Repeat the listing below exactly. Pictures do not belong in the copy.

━━━ Records supplied ━━━

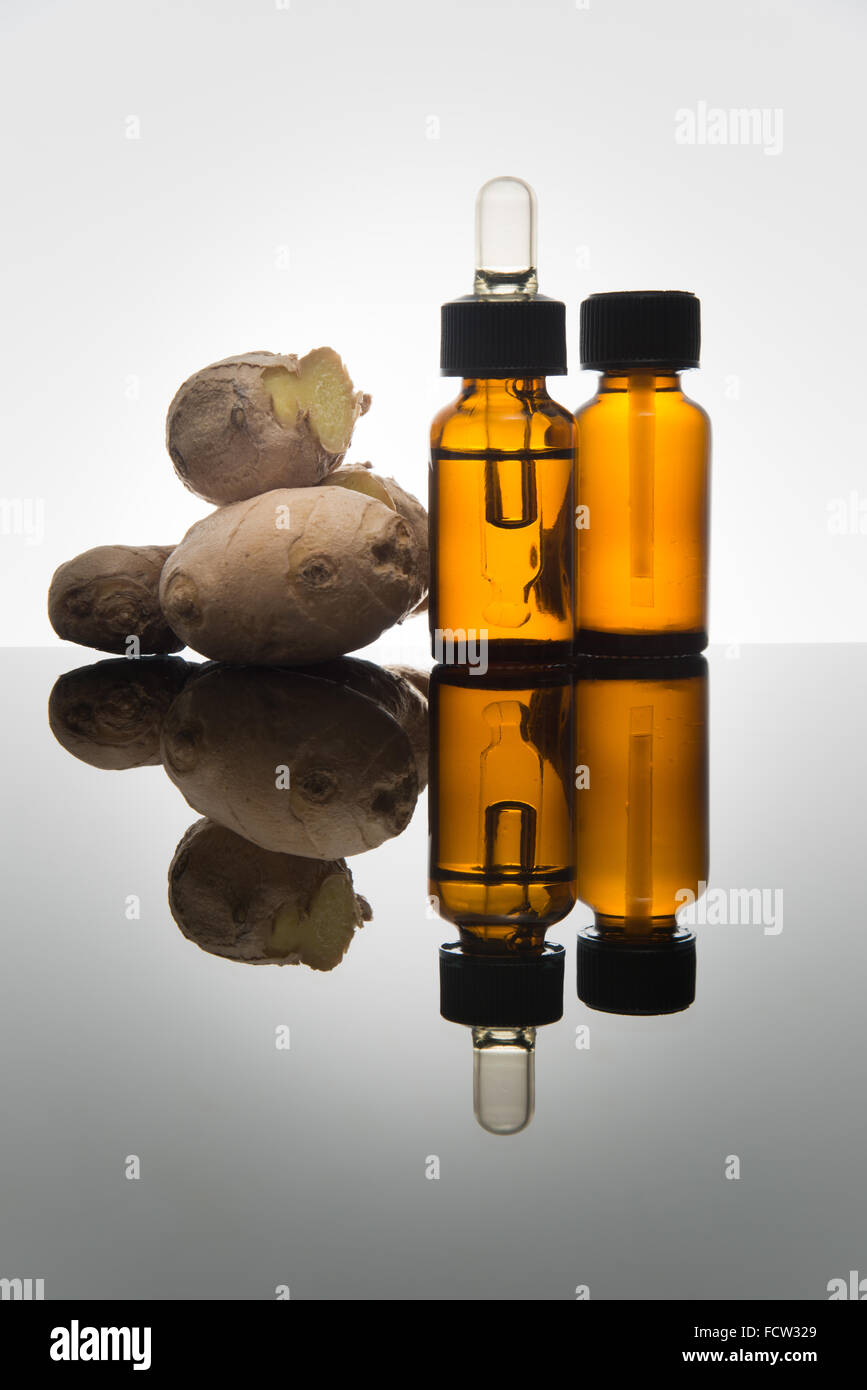Lo zenzero olio essenziale nel flacone color ambra con zenzero fresco e dropper Foto Stock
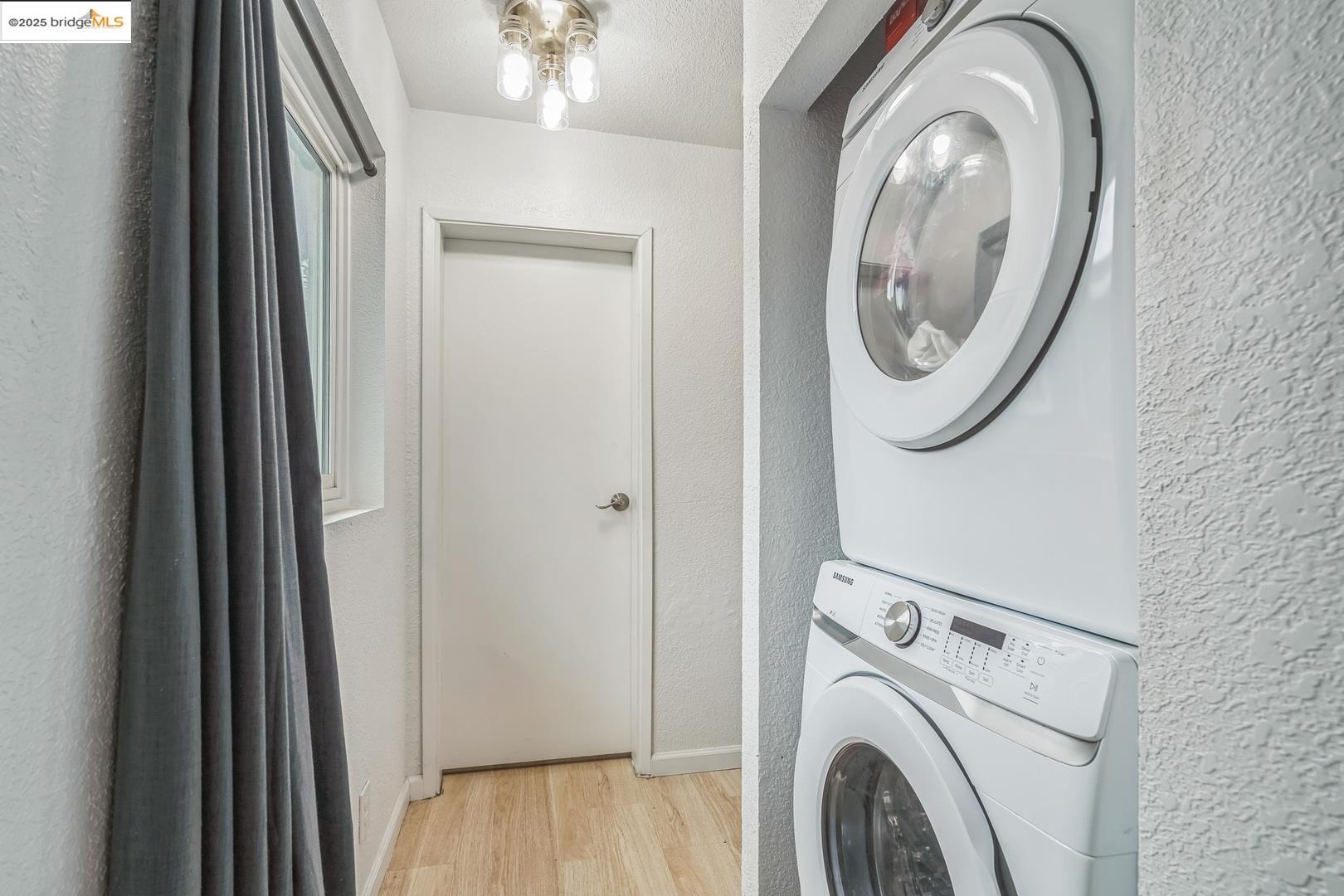874 Pine Street Oakland, CA 94607 - Photo 20 of 32 a view of a hallway with washer and dryer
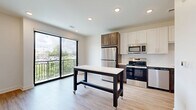Located at 3604 Rainbow Blvd in Kansas City, Kansas, this efficiently designed single-floor unit offers a thoughtful layout that maximizes every square foot. The open living and kitchen area is anchored by light-toned hardwood-style flooring and recessed lighting, creating a bright and welcoming atmosphere. A large sliding glass door leads to a private balcony, filling the space with natural light and offering pleasant outdoor views of the surrounding greenery and cityscape.

The kitchen is well-appointed with two-tone cabinetry — crisp white upper cabinets paired with rich dark lower cabinets — complemented by a classic white subway tile backsplash. Stainless steel appliances, including a refrigerator, range, microwave, and dishwasher, provide full functionality. Ample upper and lower cabinet storage ensures practical use of the space.

The bathroom showcases elegant marble-look tile flooring and matching wall tile in the walk-in shower, which features a glass enclosure. Dark wood cabinetry with modern hardware and a clean white countertop complete the refined aesthetic.

Throughout the unit, the design balances contemporary style with functional living, making it a well-equipped and visually cohesive space in the heart of Kansas City.
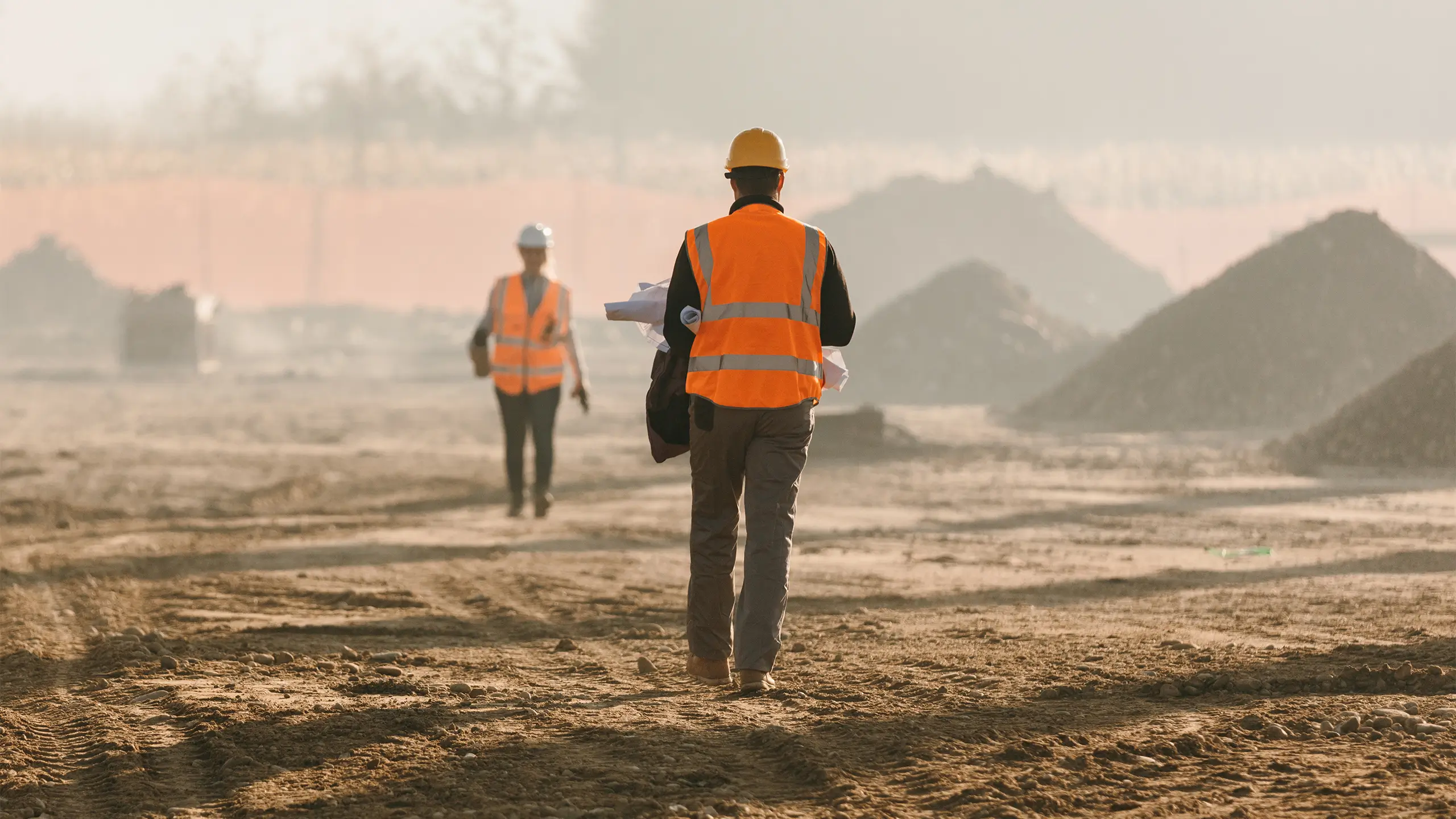 Construction workers evaluating work on site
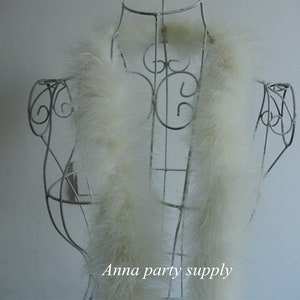 Op de afbeelding: Een witte verenboa gedrapeerd over een wit metalen mannequin. De boa is lang en pluche, en het mannequin staat op een witte achtergrond. De tekst "Anna party supply" is zichtbaar onderaan de afbeelding.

━━━

Completed task -
Lo zenzero olio essenziale nel flacone color ambra con zenzero fresco e dropper Foto Stock
874 Pine Street Oakland, CA 94607 - Photo 20 of 32 a view of a hallway with washer and dryer
Located at 3604 Rainbow Blvd in Kansas City, Kansas, this efficiently designed single-floor unit offers a thoughtful layout that maximizes every square foot. The open living and kitchen area is anchored by light-toned hardwood-style flooring and recessed lighting, creating a bright and welcoming atmosphere. A large sliding glass door leads to a private balcony, filling the space with natural light and offering pleasant outdoor views of the surrounding greenery and cityscape.

The kitchen is well-appointed with two-tone cabinetry — crisp white upper cabinets paired with rich dark lower cabinets — complemented by a classic white subway tile backsplash. Stainless steel appliances, including a refrigerator, range, microwave, and dishwasher, provide full functionality. Ample upper and lower cabinet storage ensures practical use of the space.

The bathroom showcases elegant marble-look tile flooring and matching wall tile in the walk-in shower, which features a glass enclosure. Dark wood cabinetry with modern hardware and a clean white countertop complete the refined aesthetic.

Throughout the unit, the design balances contemporary style with functional living, making it a well-equipped and visually cohesive space in the heart of Kansas City.
 Construction workers evaluating work on site
 Op de afbeelding: Een witte verenboa gedrapeerd over een wit metalen mannequin. De boa is lang en pluche, en het mannequin staat op een witte achtergrond. De tekst "Anna party supply" is zichtbaar onderaan de afbeelding.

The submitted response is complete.